Took another Wednesday ski morning this week (what better way to spend hump-day?). It definitely started out strong; after getting pissed off by incompetent drivers on the Beltway, I pulled up to the top of Chickadee not long after 8, and was skiing down to the tram (travel mug of coffee in one hand and ski poles in the other) before 8:30. Calling this morning chilly is such a gross underselling, I shall instead use the weather forecast term used for Bozeman this week: it was frigid at the base of Hidden Peak. Fortunately I got to wait for first tram in the warmer-than-air-temp tram building and drink my coffee. It was my first "first tram" at Snowbird and that was a cool milestone, especially hitting it on a nice pow day like it looked like today was going to be.

Taking the tram up we burst through the fog/cloud layer being produced by subzero temps, snow-making, and general Wasatch weather-y-ness, into the brilliant sunshine of a freezing bluebird day at the top and in the Cirque. Wanting to play it safe since I was skiing solo I decided the right-most area of Silverfox was a good warm-up and a perfect place to look for deep powder. Dropping in, I saw a few rocks that had been exposed by the folks who went first thus allowing me to avoid them. My first 10 turns or so were all-time; deep, steep enough, light-as-air, illuminated by the sun peeking over Hidden Peak.

Then things went downhill (forgive the pun); somehow I managed to find every single rock band that had only just been covered by this new snow, thus causing me to scrape, stumble, stutter, and (once or twice) fall my way down to the groomed area. Not the way to start a day. The rest of that run was. . . interesting, what with my bases having just been rock-raped, my edges all wonky, and my 4 degree wax proving to be the wrong choice for the temps I was experiencing. Instead of heading back to the tram line, I went to Gadzoom to try and hit the trees around there. Unfortunately, my skis weren't allowing me to maintain the momentum I needed to get anywhere I wanted, so I called it after 2 runs. Plus my fingers were dying from cold.

Short day, a fair-helping of unpleasantness (including a shattered powder basket; seriously, it was cold enough that my rubbery baskets shattered when I fell). . .

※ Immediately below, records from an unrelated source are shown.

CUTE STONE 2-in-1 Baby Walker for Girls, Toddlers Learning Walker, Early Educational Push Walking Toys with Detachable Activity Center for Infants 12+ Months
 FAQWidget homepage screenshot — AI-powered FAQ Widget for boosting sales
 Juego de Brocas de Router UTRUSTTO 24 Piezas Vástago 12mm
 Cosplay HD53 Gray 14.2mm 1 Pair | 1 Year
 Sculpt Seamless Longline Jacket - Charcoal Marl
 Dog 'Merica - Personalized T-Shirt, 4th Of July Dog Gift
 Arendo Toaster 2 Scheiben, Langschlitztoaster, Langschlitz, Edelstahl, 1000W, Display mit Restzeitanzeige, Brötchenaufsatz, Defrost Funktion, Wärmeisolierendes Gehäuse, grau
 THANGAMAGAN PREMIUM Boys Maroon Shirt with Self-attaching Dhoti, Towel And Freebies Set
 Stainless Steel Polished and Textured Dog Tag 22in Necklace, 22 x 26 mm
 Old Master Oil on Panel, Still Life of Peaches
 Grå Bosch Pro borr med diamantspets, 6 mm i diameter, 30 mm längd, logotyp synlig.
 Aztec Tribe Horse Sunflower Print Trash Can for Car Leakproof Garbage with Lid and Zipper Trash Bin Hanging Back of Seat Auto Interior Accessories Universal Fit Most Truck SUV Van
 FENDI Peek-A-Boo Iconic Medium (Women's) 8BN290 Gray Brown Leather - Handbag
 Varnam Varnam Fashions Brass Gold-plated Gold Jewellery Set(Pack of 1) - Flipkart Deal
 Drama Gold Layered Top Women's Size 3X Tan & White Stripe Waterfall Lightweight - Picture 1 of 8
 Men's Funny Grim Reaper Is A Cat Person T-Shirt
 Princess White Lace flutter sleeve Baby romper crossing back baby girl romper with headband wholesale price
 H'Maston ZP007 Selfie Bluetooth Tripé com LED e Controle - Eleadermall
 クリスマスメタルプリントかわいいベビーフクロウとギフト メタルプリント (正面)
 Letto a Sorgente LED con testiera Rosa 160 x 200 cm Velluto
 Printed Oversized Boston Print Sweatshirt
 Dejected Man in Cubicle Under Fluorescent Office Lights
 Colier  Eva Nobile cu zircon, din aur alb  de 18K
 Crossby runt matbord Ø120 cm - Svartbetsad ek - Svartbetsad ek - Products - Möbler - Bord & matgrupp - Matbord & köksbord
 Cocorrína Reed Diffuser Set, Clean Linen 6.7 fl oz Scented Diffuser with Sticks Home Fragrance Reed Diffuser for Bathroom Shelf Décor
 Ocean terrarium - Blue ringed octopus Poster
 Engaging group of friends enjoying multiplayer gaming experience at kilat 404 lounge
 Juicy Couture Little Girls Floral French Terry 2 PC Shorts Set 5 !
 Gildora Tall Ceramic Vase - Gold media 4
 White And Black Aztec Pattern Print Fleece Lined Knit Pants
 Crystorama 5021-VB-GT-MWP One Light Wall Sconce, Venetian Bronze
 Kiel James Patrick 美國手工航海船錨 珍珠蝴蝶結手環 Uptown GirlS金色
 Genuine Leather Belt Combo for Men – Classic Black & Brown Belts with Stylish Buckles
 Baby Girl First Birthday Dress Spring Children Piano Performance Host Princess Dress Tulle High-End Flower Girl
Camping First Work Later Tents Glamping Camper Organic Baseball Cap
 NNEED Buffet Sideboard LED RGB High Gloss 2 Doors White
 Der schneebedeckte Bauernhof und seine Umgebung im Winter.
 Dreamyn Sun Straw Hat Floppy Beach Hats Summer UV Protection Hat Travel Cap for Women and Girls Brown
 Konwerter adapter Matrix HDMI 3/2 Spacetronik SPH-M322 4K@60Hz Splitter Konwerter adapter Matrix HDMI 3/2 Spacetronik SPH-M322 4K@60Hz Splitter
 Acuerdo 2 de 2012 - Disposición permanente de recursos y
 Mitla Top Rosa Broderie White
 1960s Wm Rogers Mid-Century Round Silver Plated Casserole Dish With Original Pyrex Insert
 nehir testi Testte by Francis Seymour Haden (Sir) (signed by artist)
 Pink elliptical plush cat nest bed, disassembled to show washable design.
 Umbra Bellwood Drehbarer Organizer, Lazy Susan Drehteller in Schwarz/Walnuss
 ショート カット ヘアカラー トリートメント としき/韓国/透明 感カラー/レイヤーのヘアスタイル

And all totally worth it. The worst day on snow (that you walk away from relatively unscathed) is better than the best day anywhere else, in my not-so-humble opinion. Being able to go into work later, hit up first tram, ski some awesome pow. . . totally worth my achy shoulder and a bit of equipment damage. Sometimes the steeper side is rocky; I guess I just need to learn to pick a better line down it.